En sus páginas se entrecruzan dos tramas, dos tiempos: la propia vivencia del autor, que abraza la fe en un momento de crisis personal marcado por una compleja relación amorosa y el abuso del alcohol, y la historia de Pablo el Converso y de Lucas el Evangelista. Pablo que cae del caballo, tiene una iluminación mística y pasa de lapidador de cristianos a propagador de la nueva fe que transmuta todos los valores. Y Lucas que escribe la vida de Jesús y a partir del cual nos adentramos en los evangelios primigenios, tan diferentes al Apocalipsis de fuegos artificiales de Juan…”
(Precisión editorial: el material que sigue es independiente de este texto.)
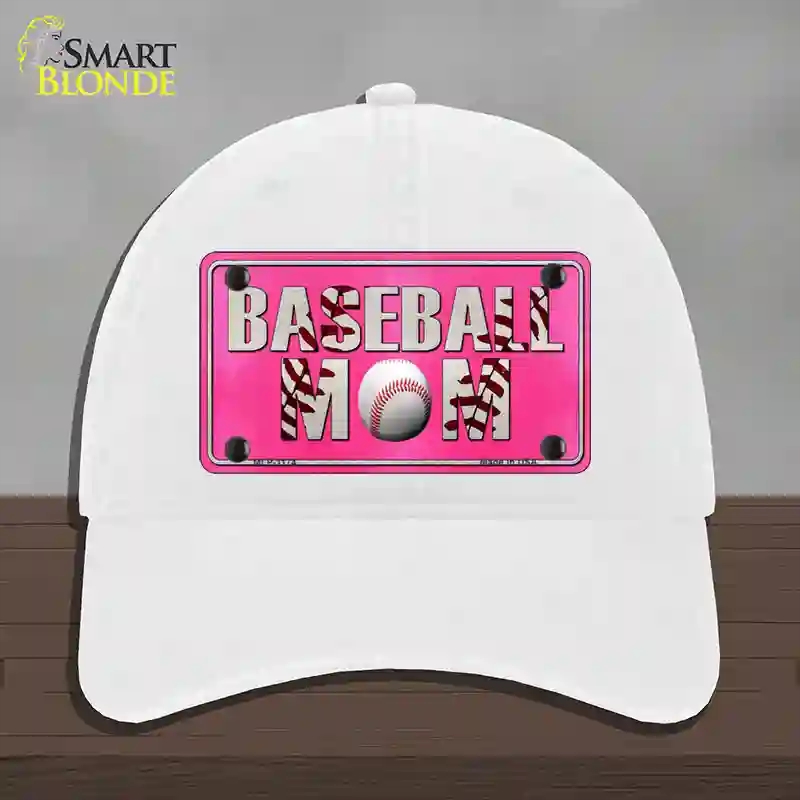HAT14-MLP-1174 Baseball Mom Novelty License Plate Hat, Unconstructed Cotton - White
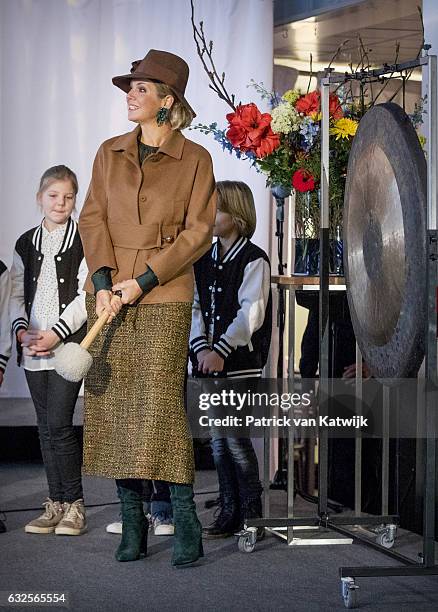 Queen Maxima opens the national education exhibition in the Jaarbeurs Utrecht on January 24, 2017 in The Hague, Netherlands. At the exhibition the...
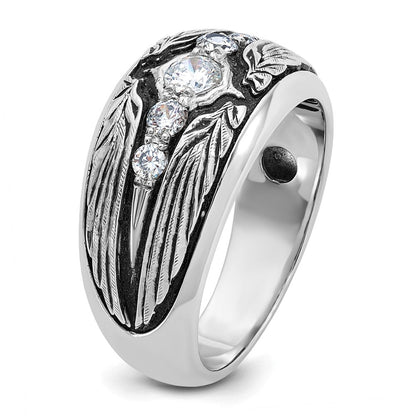 14K Weißgold Ibgoodman mit Schwarz Rhodium Herren Poliert und Strukturiert 5-stone 1/2 Karat Aa Qualität Diamant Ring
Leer el Reino es un interesante ajuste de cuentas con esa visión borrosa y tranquilizadora con que nos manejamos a la hora de juzgar nuestras viejas creencias infantiles y enfrentarse con la tragedia de la falta de fe, o del conflicto entre dos fes, la fe en tu religión y la nueva fe en la ciencia que has abrazado (como es el caso del propio autor)… O más llanamente, la necesidad de enfrentarse a la realidad de que ninguna de ellas ha de salvarte de la incertidumbre. También es enfrentarse con algunas verdades crudas acerca de las auténticas raíces del cristianismo, que Carrère expone y conoce magistralmente… Abstenerse comecuras diplomados.